Klinger’s article, entitled “Environment, development, and security politics in the production of Belt and Road spaces,” examines how environmental pressures -international and grassroots – informed China’s broader policy approaches to BRI implementation in specific cases.
Here is the complete abstract of the article:
China’s deepening ties with central Eurasian countries through the Belt and Road Initiative (BRI) cannot be considered apart from the material conditions that gave rise to citizen mobilizations within heavily polluted coal and rare-earth mining sites in western China. Coal and rare earths are critical inputs for China’s energy production, and hence economic growth, but their extraction has caused considerable social and environmental harm. The ways in which policy elites in China and BRI partner states address development and security concerns through shifting extractive geographies provides a lens through which to examine how seemingly disconnected spatial practices comprise the BRI. Drawing on fieldwork conducted in China from 2011 to 2013, and on media and government documents from the United States, China, Pakistan, Afghanistan, Uzbekistan, Tajikistan and Kyrgyzstan from 2013 to 2018, this paper examines how international and grassroots environmental pressures informed broader policy approaches to BRI implementation in specific cases. It uses Lefebvrian spatial theory to examine the production of terrestrial, subterranean and orbital BRI spaces in China and Central Asia.

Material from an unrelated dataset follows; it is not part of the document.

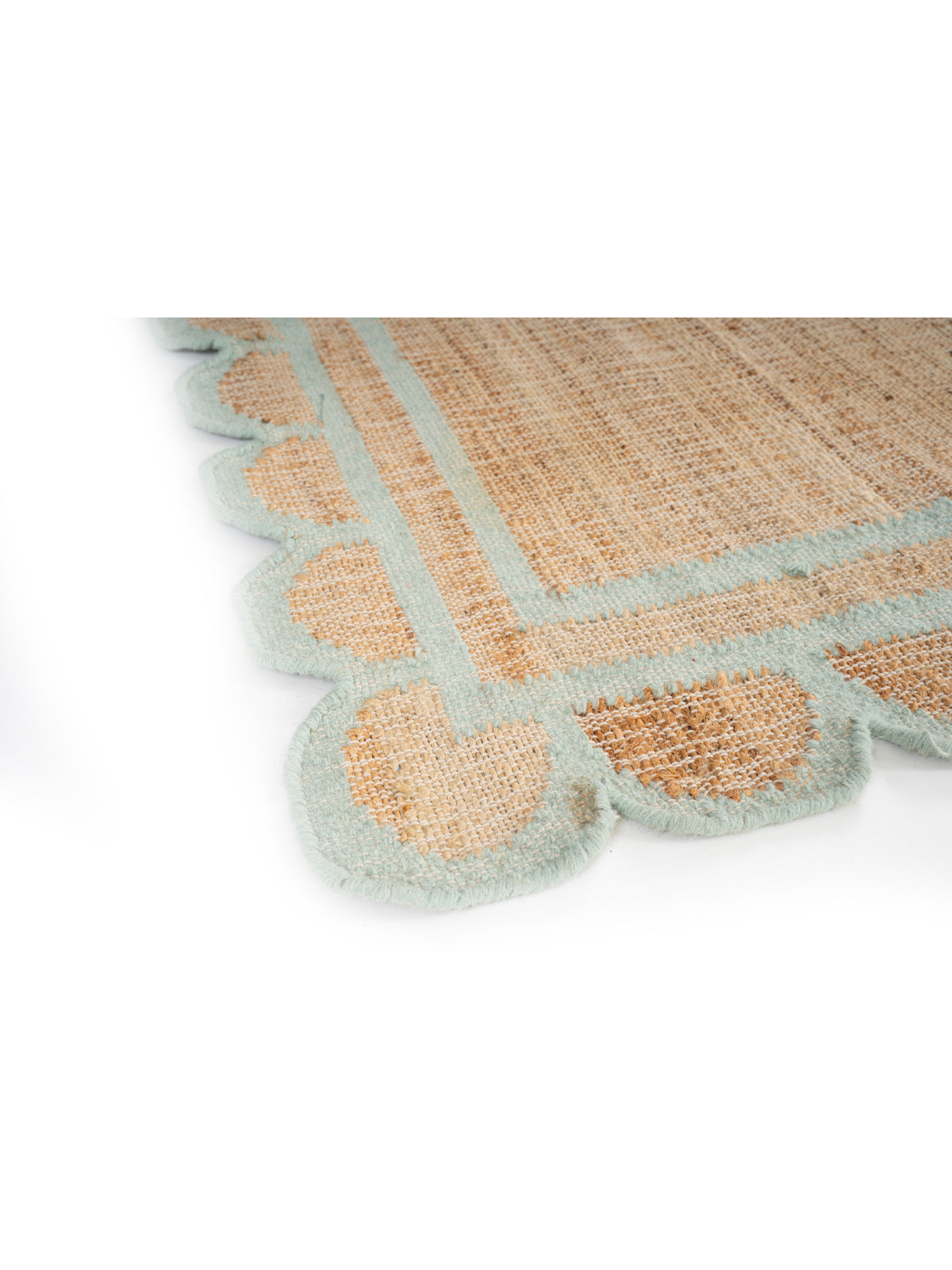 Kigali scalloped hemp rug-Mint green close-up showing the hemp weave and surface texture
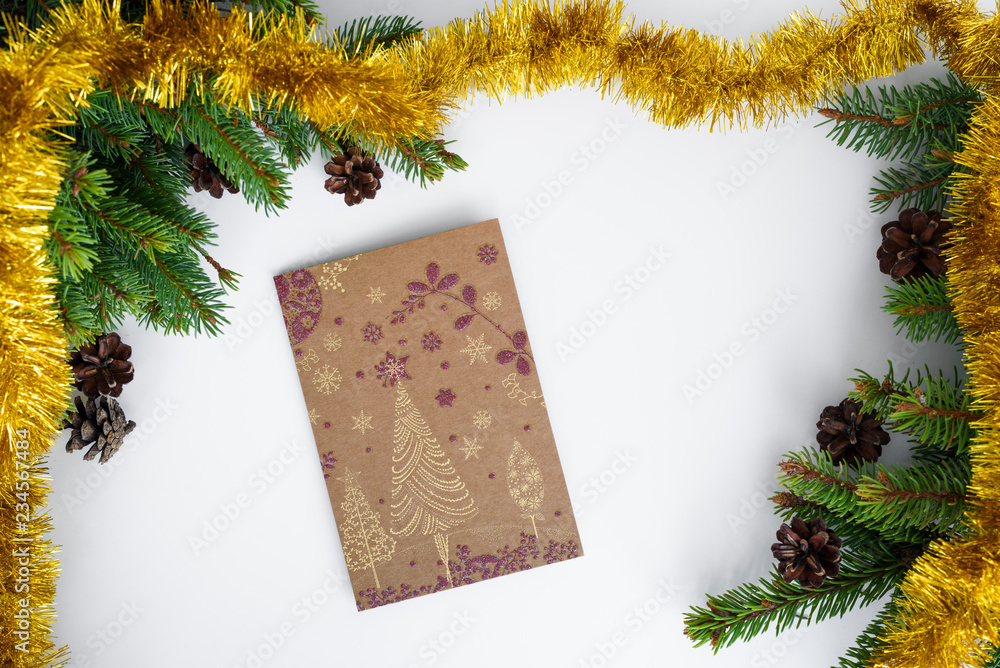 Fototapeta premium Christmas greeting card is lying on white table, surrounded by festive decorations like tree branches, cones and gold tinsel. Merry Christmas.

Dr. Julie Michelle Klinger (Ph.D. Geography) is an Assistant Professor in the Frederick S. Pardee School of Global Studies, Associate Director of the Global Development Policy Center’s Land Use and Livelihoods Initiative, and Faculty Affiliate at the Pardee Center for the Study of the Longer-Range Future. Her research focuses on the dynamics of global resource frontiers, with a particular focus on social and environmental sustainability. In particular, she examines how diverse forms of violence and strategies for survival shape land use, environmental conservation, and livelihood security. Some of Dr. Klinger’s research experience includes rural development in the Himalayas; Brazil-China relations; the impacts of rare earth mining around the world; and the role of international outer space cooperation in global development. Her research uses qualitative and quantitative methods combined with extensive fieldwork. She often works in local languages with diverse stakeholders to uncover the root causes of environmental degradation and livelihood insecurity. She is committed to finding collaborative solutions to the most pressing sustainability issues of our time.